Thursday, 26 February 2015 12:06 PM Written by

Did you ever wonder what is the real cost of presenting superior art?

Great art requires great artists, working hard to make a living, as well as organizations to present it. In the world of music, the costs include the musicians themselves but also the performance space, the organization’s staff, and all of its daily operating expenses. So what is the real cost of presenting a concert?

The Pittsburgh Music Alliance is a collaboration of five organizations in town: The Bach Choir of Pittsburgh, Chamber Music Pittsburgh, Chatham Baroque, The Pittsburgh Camerata, and Renaissance & Baroque. These organizations work together on a variety of efforts, helping one another in building the rich offerings of musical performance in Pittsburgh. Recently we looked at the real cost of presenting great art, and the members did an exercise looking at the cost per attendee. That cost ranges from $58 to $83 dollars per person. Yet the ticket prices are much lower than that, perhaps one half of the actual cost and often even less. The standard ticket prices range up to $46, a little more than half of the performance’s actual cost of $83, and student ticket prices can be as low as $12.


On the one hand, we want to bring audiences the finest works and musicians, and those goals have significant costs. On the other hand, we want to make sure that your ticket prices are low enough to accommodate all who might want to see the show. So there is a certain “art” to bring the art to audiences. In the process, arts organizations depend on a variety of revenue in order to cover the difference between ticket price and actual cost. This is part of the math of running a nonprofit organization.

The difference comes in philanthropic support, in the form of grants, volunteerism, and individual giving.
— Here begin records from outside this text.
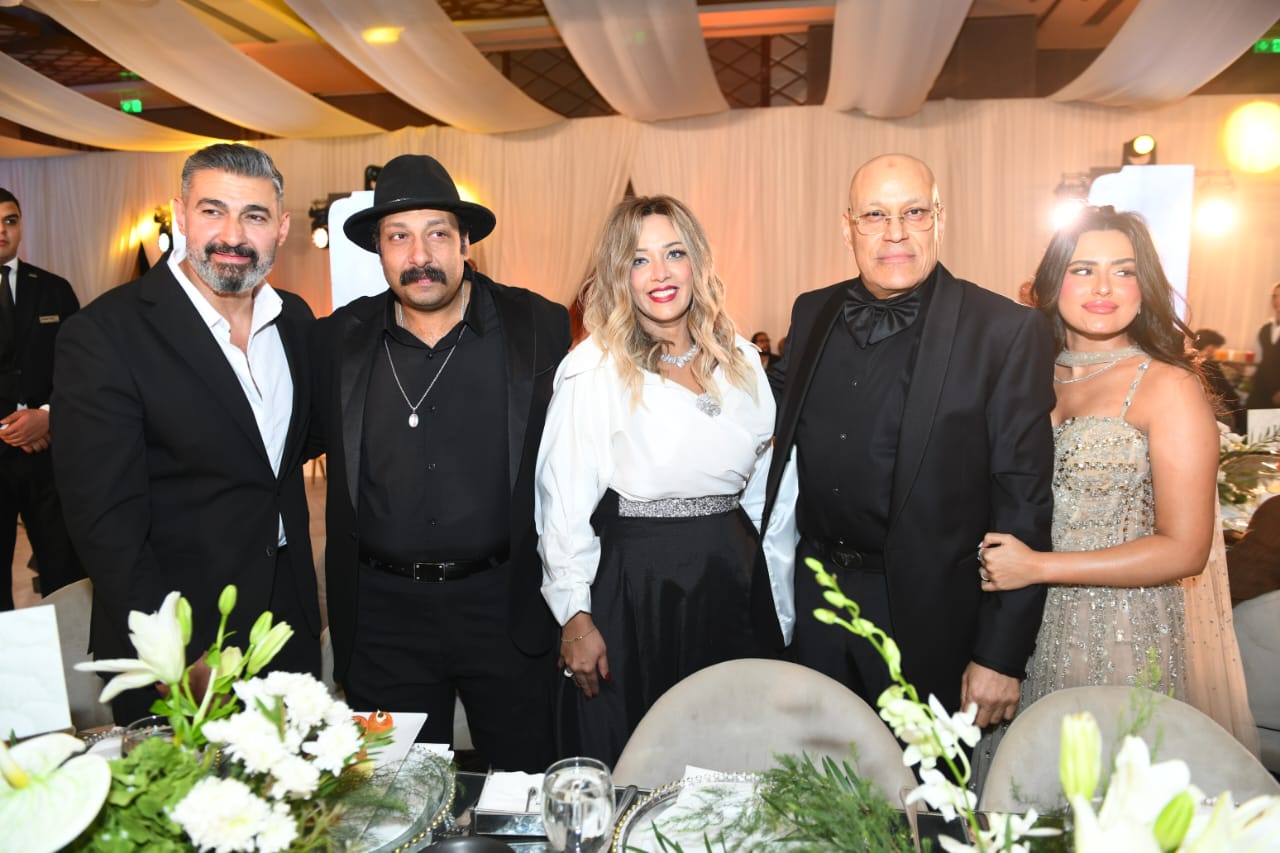 1764371248 682 حمادة هلال والعسيلي ينوروا فرح لميس الشريف شوفوا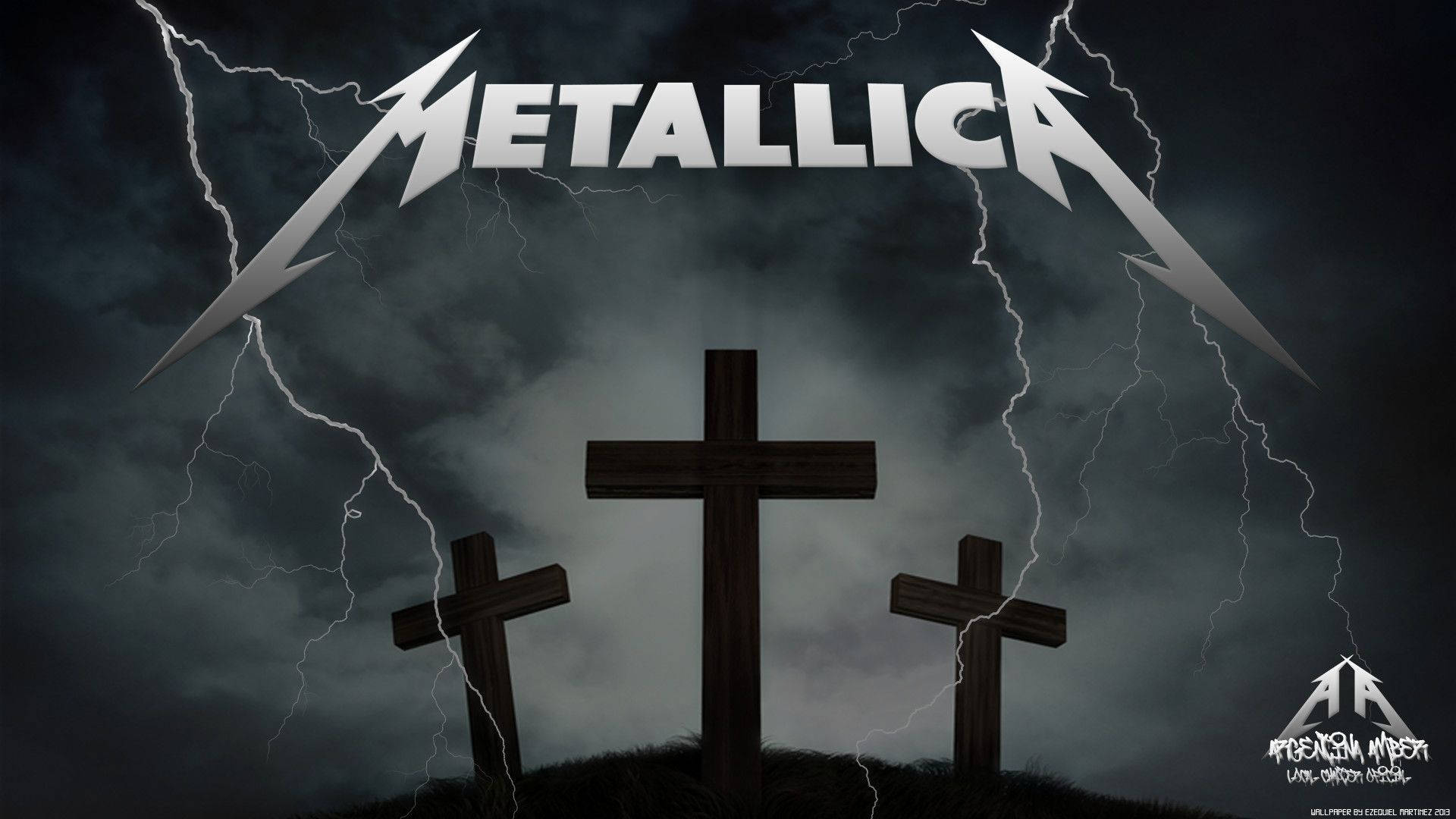 1920X1080 Metallica Wallpaper and Background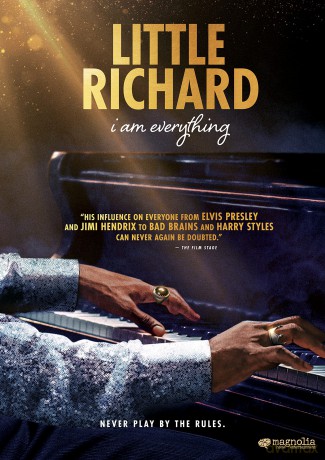 Little Richard: I Am Everything [DVD]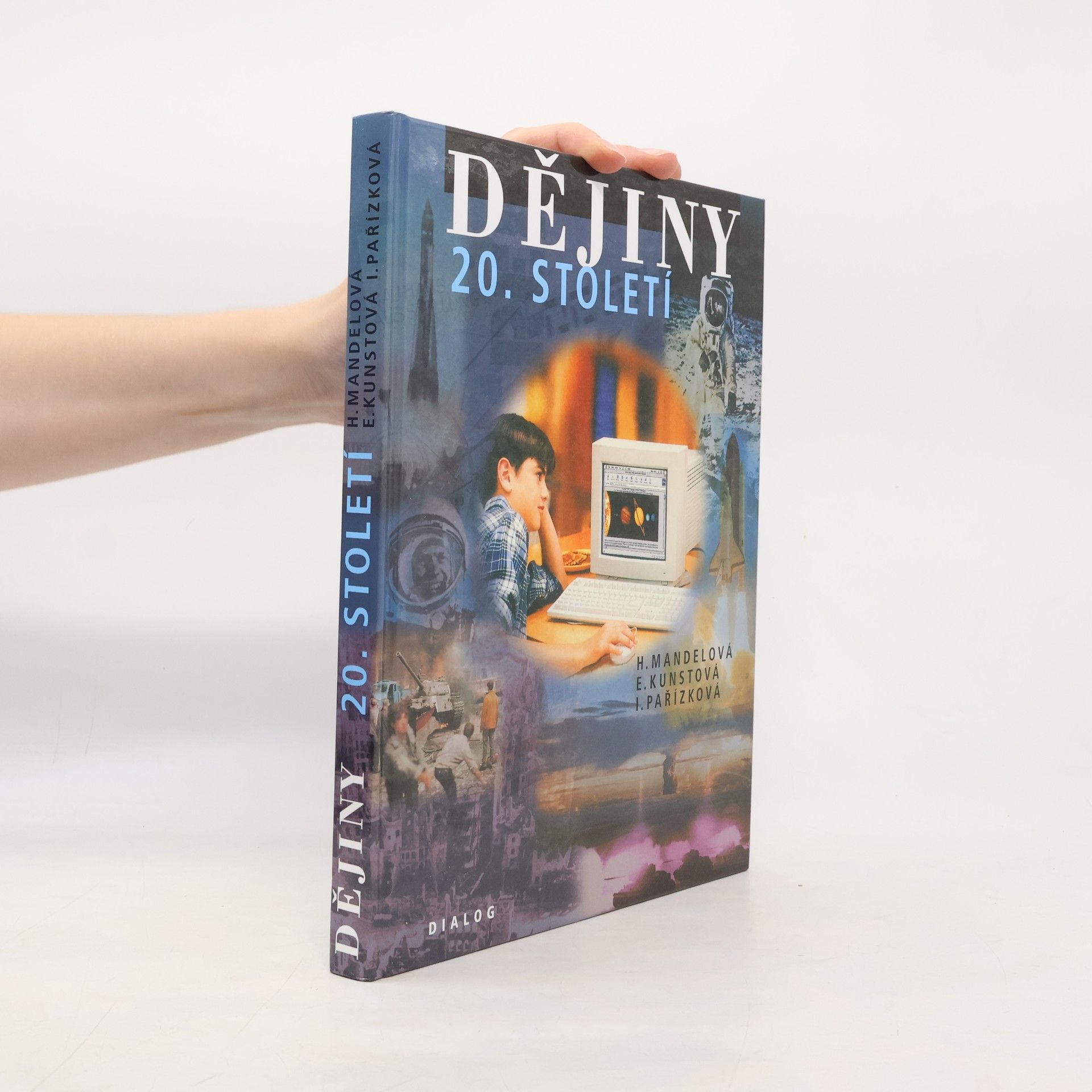 Helena Mandelová Dějiny 20. století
For us to present programs with the excellence you want to experience - without the fundraising and behind the scenes efforts of volunteers - your ticket might cost far more. However, because of the generous support of so many, prices for PMA organizations have been stable and affordable.
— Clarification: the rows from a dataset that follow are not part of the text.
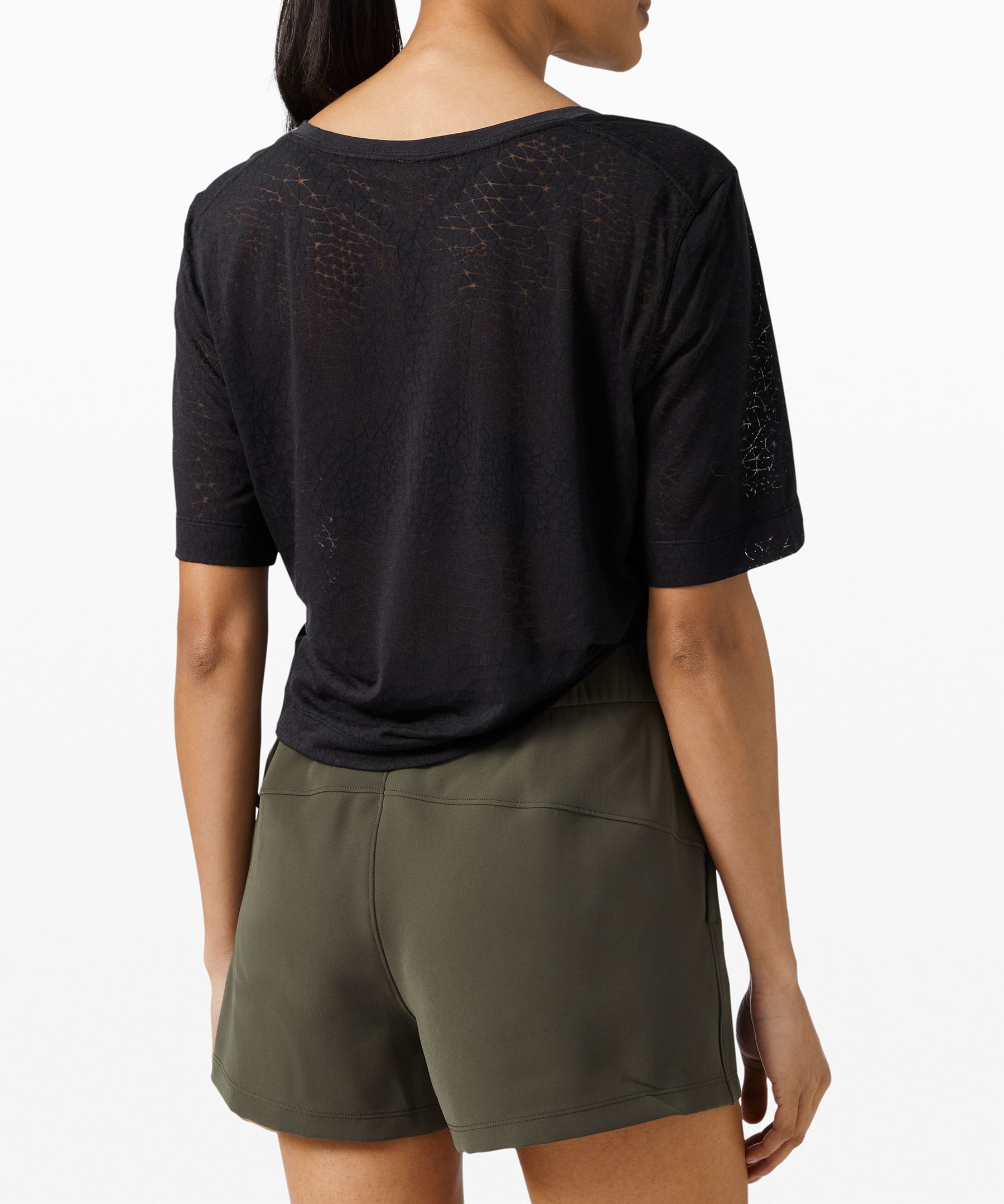 Clear and Present Short Sleeve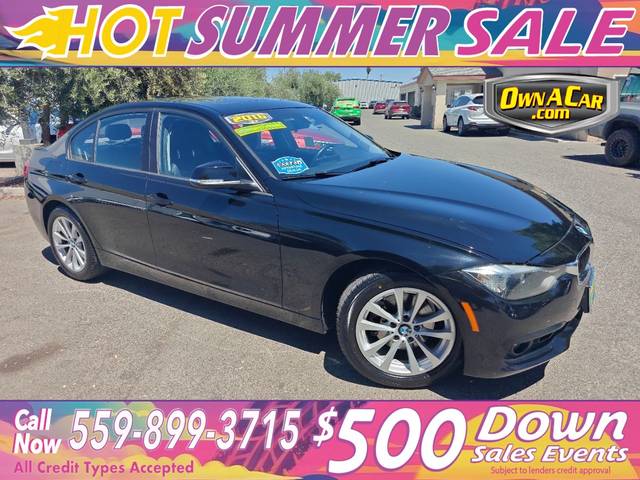 2016 BMW 3 Series 320i RWD photo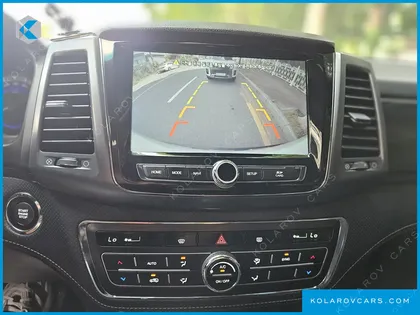KGM - SSANGYONG REXTON DIESEL 2.2 2WD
Now for the best part: You can always help. Probably the easiest way to help is to spread the word about performances. Each new ticket sold helps to bring down the per-ticket cost. The more, the merrier! Second, please do keep this in mind as you approach your charitable giving. Often people become more and more committed to the success of an organization, and they show that increasing support through charitable gifts. Those gifts help to keep ticket prices lower, which might help us to reach new audiences…which might ultimately produce another committed patron in time.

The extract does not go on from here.